Interesting, have had a really tough time last night and then woke up this morning and read yesterday’s Blog post! All about trusting God through the storm, keeping my eyes on him and I just thought how quickly I forget. I think if I’m honest being this new creation is a work in progress. I have got to a really good place and then I have revisited a situation where I have been hurt in the past. I thought I was ready but I think me and God have still got some work to do to get me totally ready to face this. But a timely reminder taken on the chin, I have a couple more days to work on this until back to normality so Jesus help me through and help me be victorious in this situation so that your glory shines through.
2 Corinthians 5:17 – Therefore, if anyone is in Christ, the new creation has come: The old has gone, the new is here!

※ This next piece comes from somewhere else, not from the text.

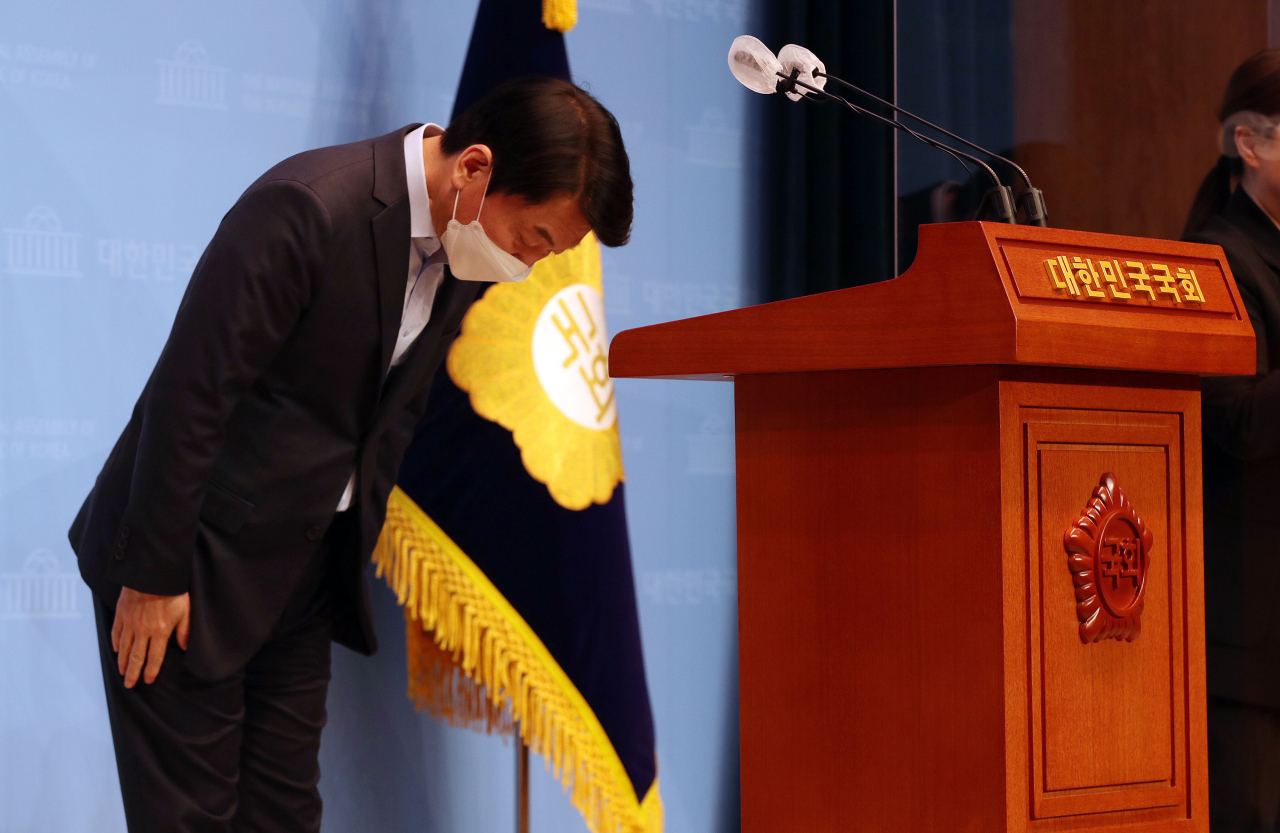 안철수 국민의당 대표가 5일 오전 서울 여의도 국회 소통관에서 열린 4·7 재·보궐 선거 관련 기자회견에서 인사하고 있다. [연합]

Positive thoughts, be yourself, if God has taught you anything it’s selfless sacrifice, stop looking at the damage look at the healing, take deep breaths in, I was created in God’s image and he doesn’t make mistakes, he takes ashes and makes something beautiful, whatever you tell me I am usable, he uses me and see just because you don’t get what God has done in me I know I can trust in my God, immerse myself in his word that tells me all I need to know, shows me my future and my hope, shows me that yes I can cope as long as I keep my eyes on him, this storm, well that’s nothing, I can weather the storm, my God walks on water and I am his daughter, I claim victory over my mind, the thoughts that the enemy wants me to find once more, I claim victory I will not be beaten to submission I fix my gaze on the risen Saviour on whom I model my behaviour, I praise him at the start of this new day, I dedicate this day to him regardless of what the hours will bring.